_Given records_
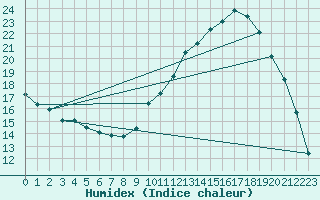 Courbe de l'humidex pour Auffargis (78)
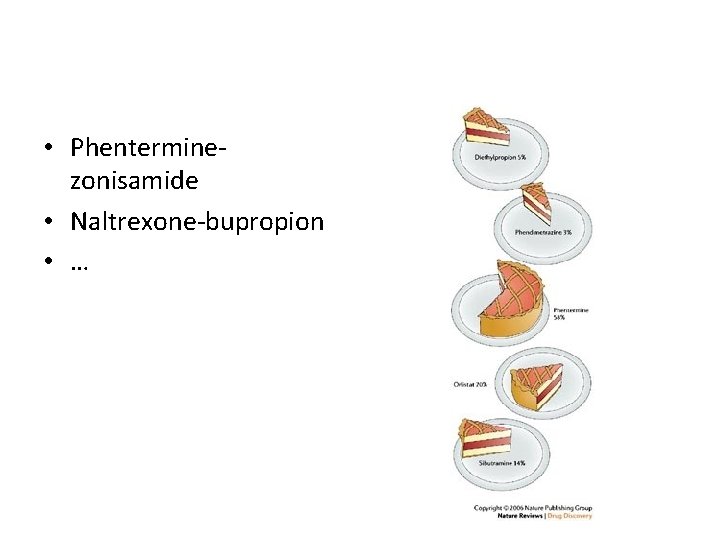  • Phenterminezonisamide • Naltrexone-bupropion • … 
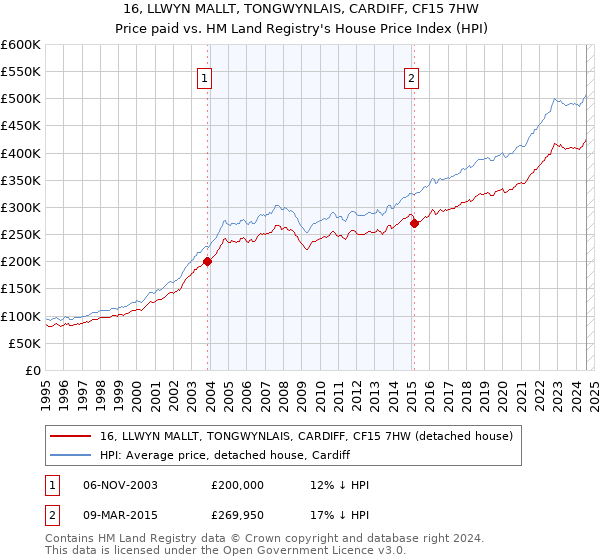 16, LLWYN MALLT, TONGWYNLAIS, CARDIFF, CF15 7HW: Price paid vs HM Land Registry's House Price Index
--
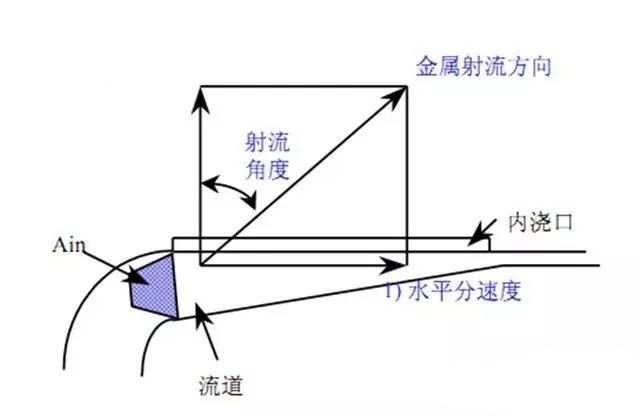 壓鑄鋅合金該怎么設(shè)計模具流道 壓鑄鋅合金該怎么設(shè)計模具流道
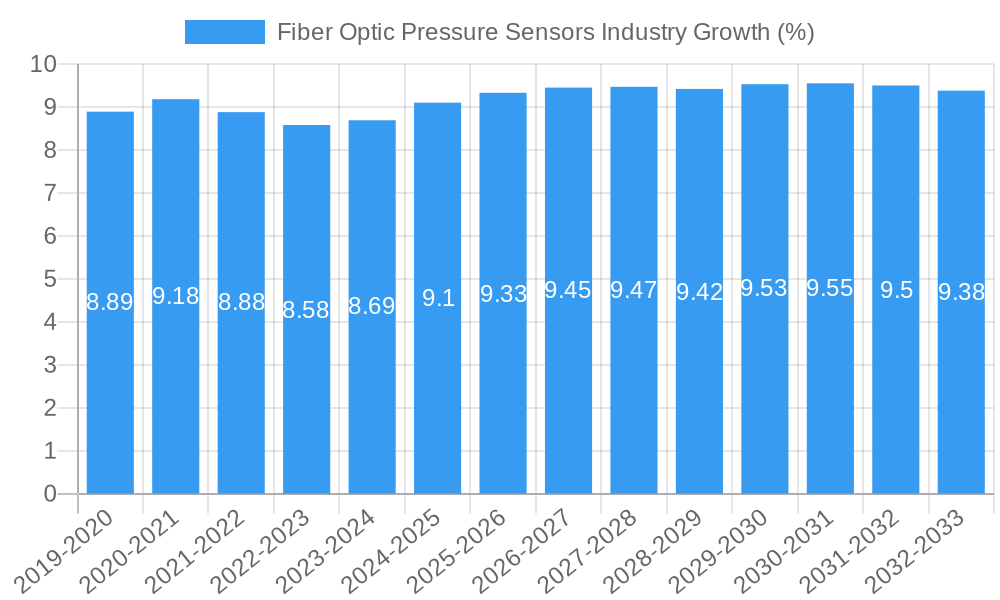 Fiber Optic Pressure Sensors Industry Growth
* * *
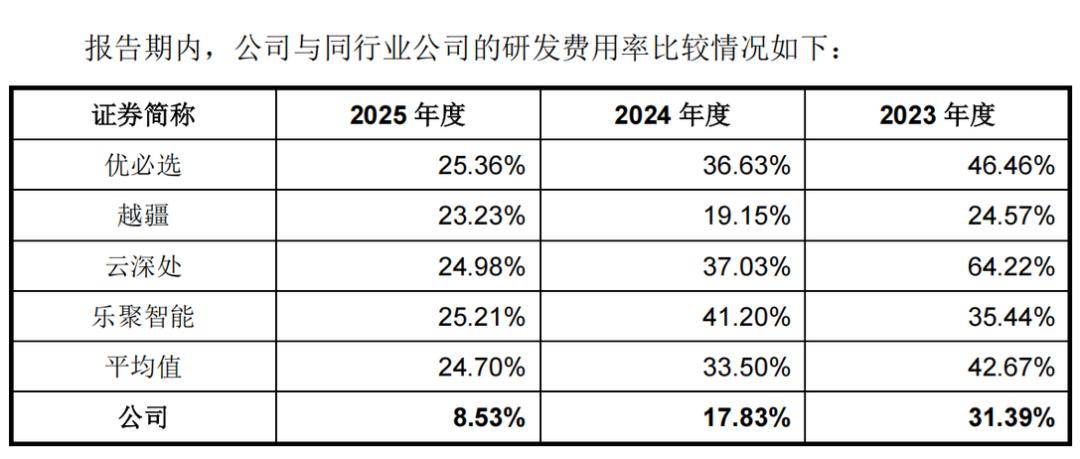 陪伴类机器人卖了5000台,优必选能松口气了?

_What you are asked to do_
In the data above, find the line containing "Courbe de l'humidex pour Auffargis (78)" and the line containing "16, LLWYN MALLT, TONGWYNLAIS, CARDIFF, CF15". Copy exactly the stretch from the first through the second, both included, leaving out any picture.

_Answer to the exercise_
 Courbe de l'humidex pour Auffargis (78)
  • Phenterminezonisamide • Naltrexone-bupropion • … 
 16, LLWYN MALLT, TONGWYNLAIS, CARDIFF, CF15 7HW: Price paid vs HM Land Registry's House Price Index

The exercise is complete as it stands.